**TASK REQUIREMENTS:**
Give the data again exactly, without images.

**SOURCE DATA:**
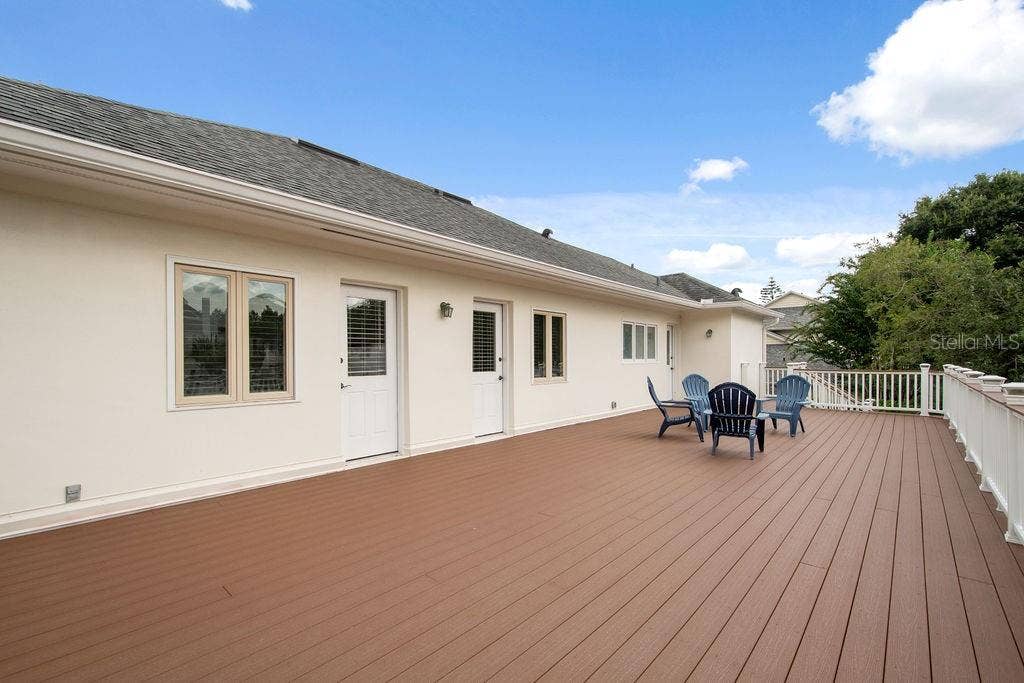 555 E LAKE SUE AVENUE, Winter Park, FL 32789 Upper deck runs the length of the home with access from upstairs bedrooms.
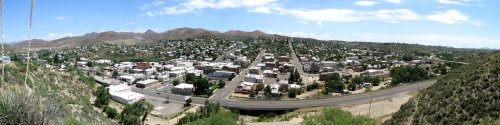 Panoramic view of a small town surrounded by mountains, featuring white buildings and a road running through the landscape.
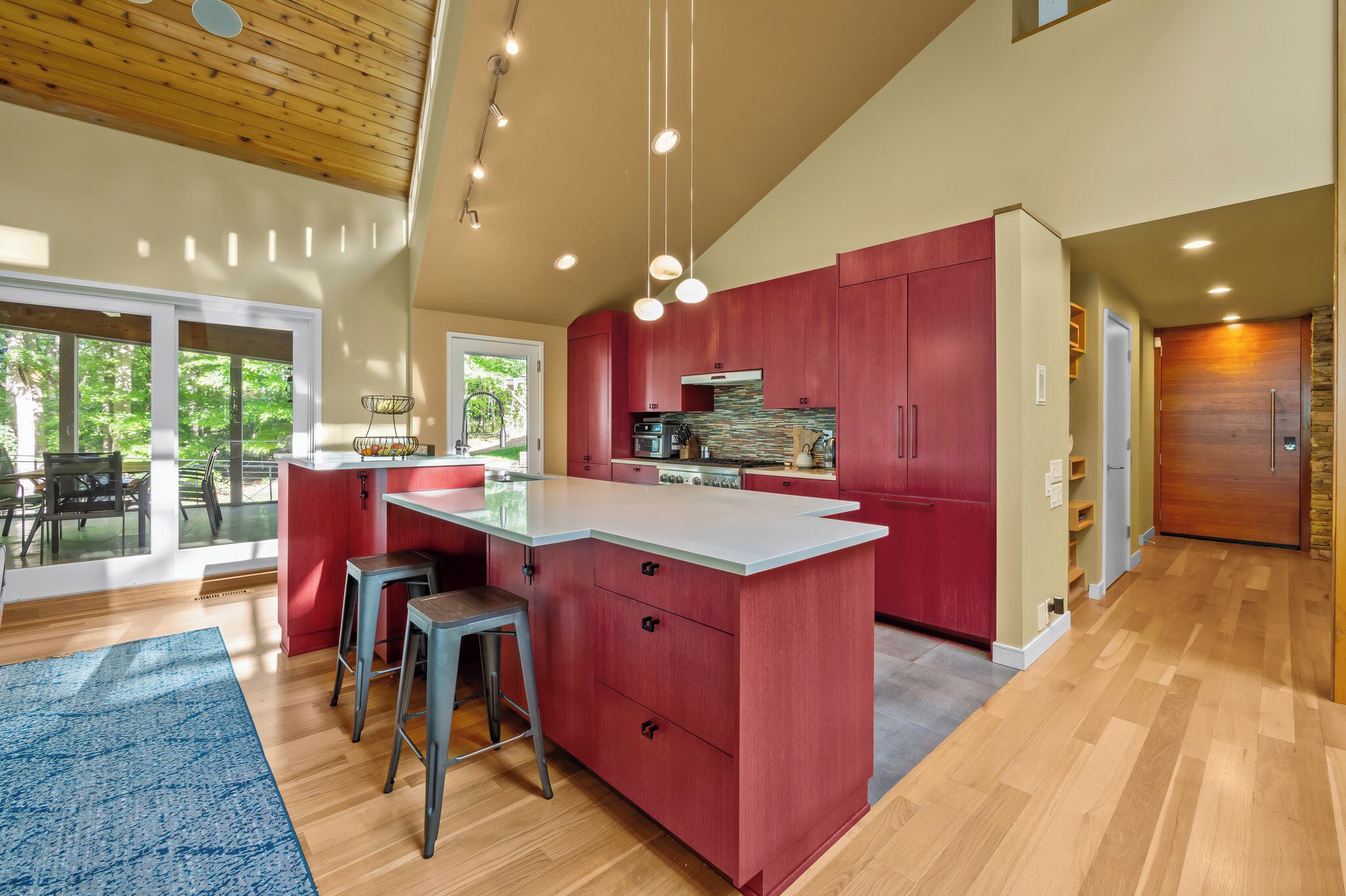 A modern kitchen with a central island, red cabinetry, and a large window.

**RESULT OF THIS EXERCISE:**
 555 E LAKE SUE AVENUE, Winter Park, FL 32789 Upper deck runs the length of the home with access from upstairs bedrooms.
 Panoramic view of a small town surrounded by mountains, featuring white buildings and a road running through the landscape.
 A modern kitchen with a central island, red cabinetry, and a large window.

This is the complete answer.